Elle est recrutée en décembre 1942 par le réseau Combat et affectée au service social, chargé d'aider les familles des résistants. C'est dans ce cadre qu'elle rencontre son futur mari : Gilbert de Chambrun, jeune diplomate et chef régional de l'armée secrète. En juillet 1943, grâce à la solidarité d'autres résidents du foyer, l'étudiante réussit à s'enfuir quand la Gestapo vient l'arrêter. Après un passage à Paris, elle devient responsable du service social du réseau Combat à Marseille, puis à Lyon où, en janvier 1944, elle échappe encore aux coups de filets de l'occupant.
Sous le nom de "Lieutenant Noëlle", elle est incorporée comme médecin, au maquis du Mont Mouchet (Haute-Loire), le plus important de France après celui du Vercors. Après son écrasement en juin 1944 par les troupes allemandes, elle rejoint un autre maquis qui se consacre au sabotage des trains avant d'appuyer les troupes alliées dans la libération du sud de la France.
LES BORDS DU RHIN
En août 1944, elle défile à Montpellier dans les rangs des vainqueurs, mais terminera la guerre sur les bords du Rhin (elle refuse d'aller plus loin pour ne pas "occuper" à son tour), comme médecin dans le 81ème régiment d'infanterie, commandé par Gilbert de Chambrun. Elle se marie avec ce dernier – le couple aura quatre enfants – en 1945, l'année où il est élu député de la Lozère à l'Assemblée constituante. Il siègera dix ans au Palais-Bourbon, dans les rangs "Républicains et résistants", puis"Républicains progressistes" (une formation à mi-chemin entre les radicaux et les communistes).
Ce grand résistant sera aussi dans les années 1950 vice-président du Mouvement de la paix et longtemps, jusqu'en 1983, maire de Marvejols. Il est mort en 2010, à l'âge de 100 ans. A la fin des années cinquante, à 38 ans, Jacqueline de Chambrun décide de reprendre ses études de médecine et devient pédiatre. Toujours engagée à gauche mais jamais encartée ni inféodée, elle développe une conception militante de son métier.
"PORTEUSE DE LUMIÈRE"
Sous son impulsion est créé en 1968 le premier centre de protection maternelle et infantile (PMI) de Seine-Saint-Denis, dont elle sera le médecin responsable pendant dix-neuf ans. Liant prévention, éducation, soutien aux familles, elle en fait un modèle dans la profession. Très mobilisée sur le terrain des bidonvilles où se concentrent à l'époque les populations immigrées, elle milite aussi à partir des années 1970 en faveur de la contraception et de l'avortement et ouvre des consultations avec le Planning familial.
Le 28 février 1987, elle prend sa retraite de médecin.
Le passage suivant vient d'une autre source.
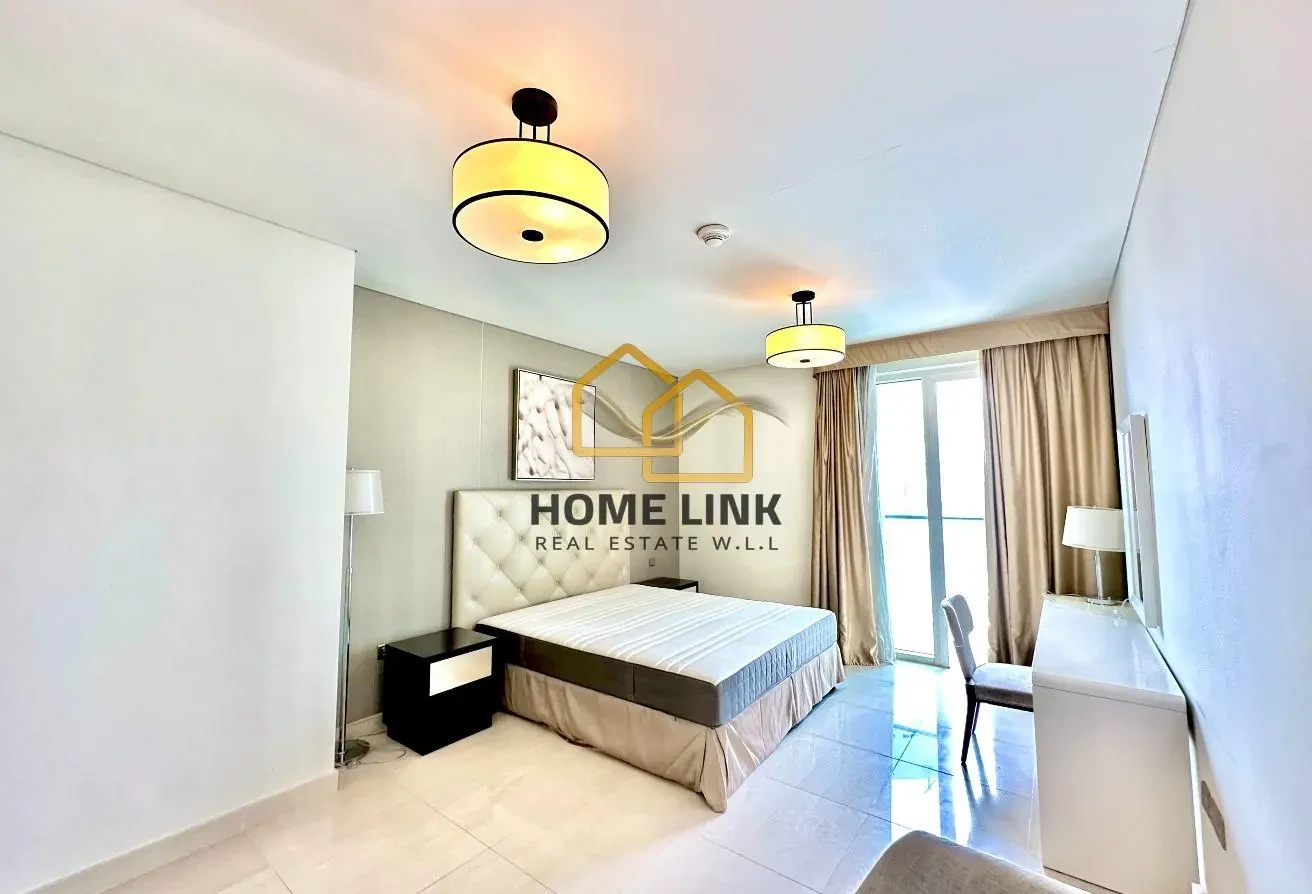 TITLE DEED READY | PRIME LOCATION | 1 BEDROOM FF - Apartment in Lusail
Le 1er mars, elle est déjà bénévole au Secours populaire français, dont elle deviendra administratrice. Cette organisation, à l'annonce de sa mort, a salué son parcours "porté par le courage, l'audace, les valeurs humaines les plus nobles et essentielles". Pour l'association des psychologues de la petite enfance et pour le syndicat des médecins de PMI, " les associations, les services pour l'enfance, les luttes des femmes perdent une porteuse de lumière".